> **EXERCISE REQUIREMENTS**
For the entries below, the result should be an exact transcription of the lines from the one with "Chuck Taylor All" up to and including the one with "Minnesota Black Fine", and only those.

(Extracted records)
____________________

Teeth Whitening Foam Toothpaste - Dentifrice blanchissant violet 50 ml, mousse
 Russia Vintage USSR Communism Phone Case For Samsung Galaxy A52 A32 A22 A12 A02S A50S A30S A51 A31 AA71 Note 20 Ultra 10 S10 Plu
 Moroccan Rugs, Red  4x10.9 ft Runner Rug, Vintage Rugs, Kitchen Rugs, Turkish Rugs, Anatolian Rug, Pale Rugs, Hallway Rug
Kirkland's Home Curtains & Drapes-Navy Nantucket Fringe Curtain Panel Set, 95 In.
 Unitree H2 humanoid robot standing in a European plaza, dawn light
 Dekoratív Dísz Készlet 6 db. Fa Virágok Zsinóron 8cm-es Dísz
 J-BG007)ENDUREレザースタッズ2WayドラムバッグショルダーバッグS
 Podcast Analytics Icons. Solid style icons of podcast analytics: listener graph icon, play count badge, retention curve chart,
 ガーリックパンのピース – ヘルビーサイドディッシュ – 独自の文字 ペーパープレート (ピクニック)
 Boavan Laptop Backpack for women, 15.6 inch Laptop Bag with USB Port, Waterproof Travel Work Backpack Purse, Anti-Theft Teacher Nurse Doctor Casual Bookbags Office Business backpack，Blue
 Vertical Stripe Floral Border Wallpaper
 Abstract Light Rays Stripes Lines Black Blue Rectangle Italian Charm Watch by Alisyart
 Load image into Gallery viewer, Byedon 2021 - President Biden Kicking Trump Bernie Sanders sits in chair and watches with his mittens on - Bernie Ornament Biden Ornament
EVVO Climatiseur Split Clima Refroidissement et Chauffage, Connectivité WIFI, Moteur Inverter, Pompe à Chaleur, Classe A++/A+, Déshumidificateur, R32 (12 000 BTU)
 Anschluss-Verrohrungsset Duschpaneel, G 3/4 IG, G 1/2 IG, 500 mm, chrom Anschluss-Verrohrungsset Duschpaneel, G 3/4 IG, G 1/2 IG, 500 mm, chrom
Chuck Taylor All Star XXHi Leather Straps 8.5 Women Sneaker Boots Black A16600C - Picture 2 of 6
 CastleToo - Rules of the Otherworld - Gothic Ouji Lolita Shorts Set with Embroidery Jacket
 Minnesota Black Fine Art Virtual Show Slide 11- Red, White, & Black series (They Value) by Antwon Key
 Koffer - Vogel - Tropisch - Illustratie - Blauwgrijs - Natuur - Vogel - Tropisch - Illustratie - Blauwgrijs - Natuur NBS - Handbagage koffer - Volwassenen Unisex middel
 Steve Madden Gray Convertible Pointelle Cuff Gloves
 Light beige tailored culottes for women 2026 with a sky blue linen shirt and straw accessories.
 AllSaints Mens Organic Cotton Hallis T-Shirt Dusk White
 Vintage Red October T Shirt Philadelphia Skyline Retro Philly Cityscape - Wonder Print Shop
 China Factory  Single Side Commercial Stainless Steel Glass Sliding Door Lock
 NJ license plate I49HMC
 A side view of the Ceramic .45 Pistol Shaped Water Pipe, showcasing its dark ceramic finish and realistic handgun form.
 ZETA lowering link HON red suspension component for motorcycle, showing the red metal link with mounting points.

____________________

> **COMPLETED EXERCISE**
Chuck Taylor All Star XXHi Leather Straps 8.5 Women Sneaker Boots Black A16600C - Picture 2 of 6
 CastleToo - Rules of the Otherworld - Gothic Ouji Lolita Shorts Set with Embroidery Jacket
 Minnesota Black Fine Art Virtual Show Slide 11- Red, White, & Black series (They Value) by Antwon Key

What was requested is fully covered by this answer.